Amerika İnsan Hakları Mahkemesi, insanların sağlıklı bir iklimde yaşama hakkına sahip olduğunu ilan ederek devletlerin ve şirketlerin iklim krizine karşı sorumluluklarını netleştirdi.
Amerika kıtasının en yüksek insan hakları mahkemesi tarafından alınan tarihi karar, iklim değişikliğiyle mücadelede yeni bir sayfa açtı. Inter-American Court of Human Rights (IACHR), ilk kez insanların sağlıklı bir iklimde yaşama hakkına sahip olduğunu ilan etti. Bu karar, devletlerin ve şirketlerin iklim krizi karşısındaki sorumluluklarını açıkça ortaya koyan güçlü bir mesaj niteliği taşıyor ve iklim adaleti hareketi için dönüm noktası olarak kabul ediliyor.
Amerika İnsan Hakları Mahkemesi, Şili ve Kolombiya tarafından yapılan başvuru sonrasında, iki yıl boyunca hükümetlerden, şirketlerden ve yerel topluluklardan gelen 260’tan fazla yazılı başvuruyu değerlendirdi. Mahkeme, Kosta Rika’nın başkenti San Jose’de düzenlenen açık duruşmada, kararını yargıç Nancy Hernandez aracılığıyla açıkladı. Bu karar, iklim değişikliği ile insan hakları arasında açık bir bağlantı kuran ilk IACHR kararı olarak kayda geçti.

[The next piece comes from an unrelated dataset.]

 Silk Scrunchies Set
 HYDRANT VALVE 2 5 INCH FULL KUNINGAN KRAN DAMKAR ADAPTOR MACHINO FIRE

Yargıç Hernandez açıklamasında, “Duruşmalar ve başvurular sırasında gördüğümüz kanıtlar artık kayıtsız kalınamayacağını gösteriyor. Hukukun katkısı önemli, fakat başarı yalnızca hukuka değil, hepimizin ne yaptığına bağlı” diyerek, kararın kapsayıcı etkisine dikkat çekti.
Kararda ilk kez, sağlıklı çevre hakkının alt kategorisi olarak “sağlıklı iklim hakkı” tanımlandı. Bu hak, doğa ve insan için tehlike oluşturan insan kaynaklı müdahalelerden arındırılmış bir iklim sistemi olarak ifade ediliyor. Böylece iklim krizine karşı korunma, temel insan haklarından biri olarak uluslararası hukukta yerini aldı.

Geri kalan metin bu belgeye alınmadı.